» **PROBLEM DETAILS**
If pictures appear among the lines below, leave them out while you return exactly the lines from the one with "mapa Karolew gmina" through the one with "Bougimal 33 Pcs".

##### SUPPLIED DATA

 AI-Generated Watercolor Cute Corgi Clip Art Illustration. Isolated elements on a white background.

##########
##### SUPPLIED DATA

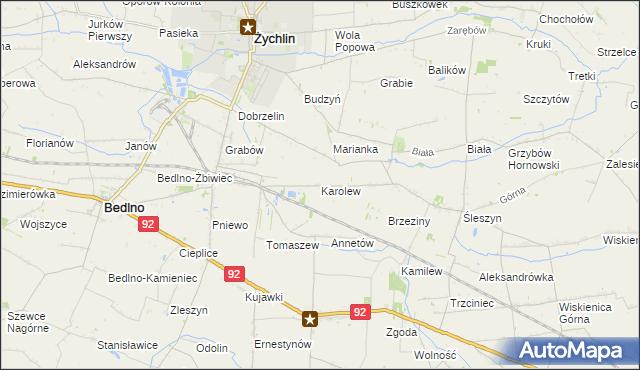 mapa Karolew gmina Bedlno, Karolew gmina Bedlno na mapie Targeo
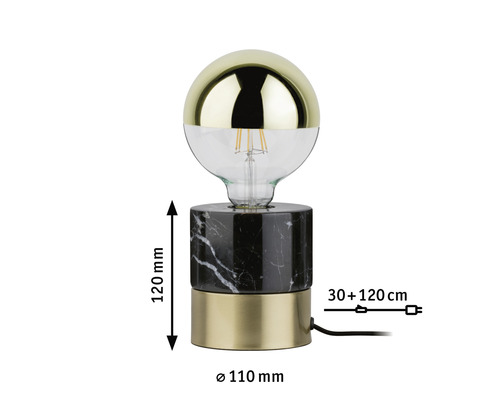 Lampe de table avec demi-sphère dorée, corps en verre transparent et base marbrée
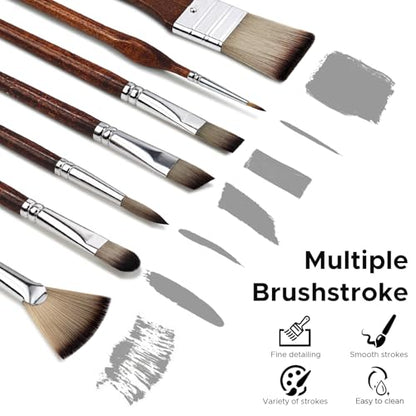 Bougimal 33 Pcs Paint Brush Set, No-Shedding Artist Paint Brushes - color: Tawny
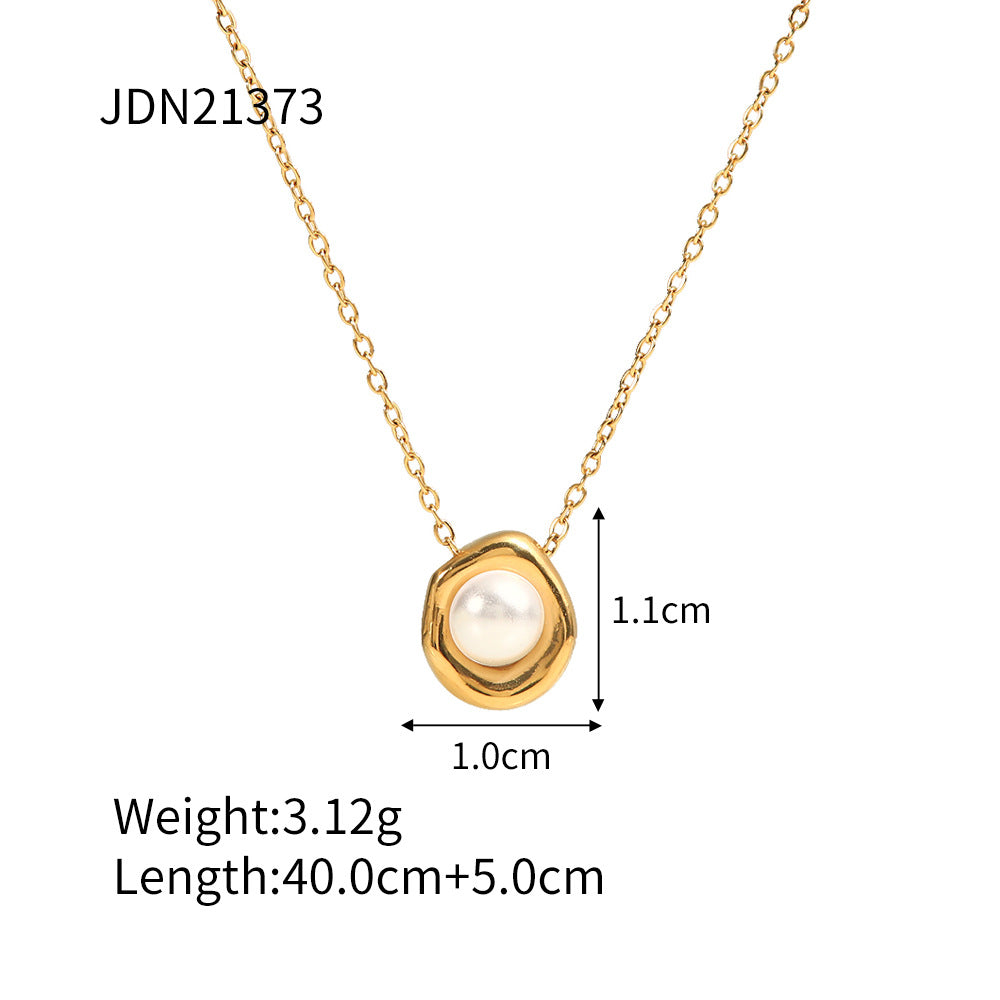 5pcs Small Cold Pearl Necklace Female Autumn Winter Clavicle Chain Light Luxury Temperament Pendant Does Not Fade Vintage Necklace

##########

» **TASK SOLUTION**
 mapa Karolew gmina Bedlno, Karolew gmina Bedlno na mapie Targeo
 Lampe de table avec demi-sphère dorée, corps en verre transparent et base marbrée
 Bougimal 33 Pcs Paint Brush Set, No-Shedding Artist Paint Brushes - color: Tawny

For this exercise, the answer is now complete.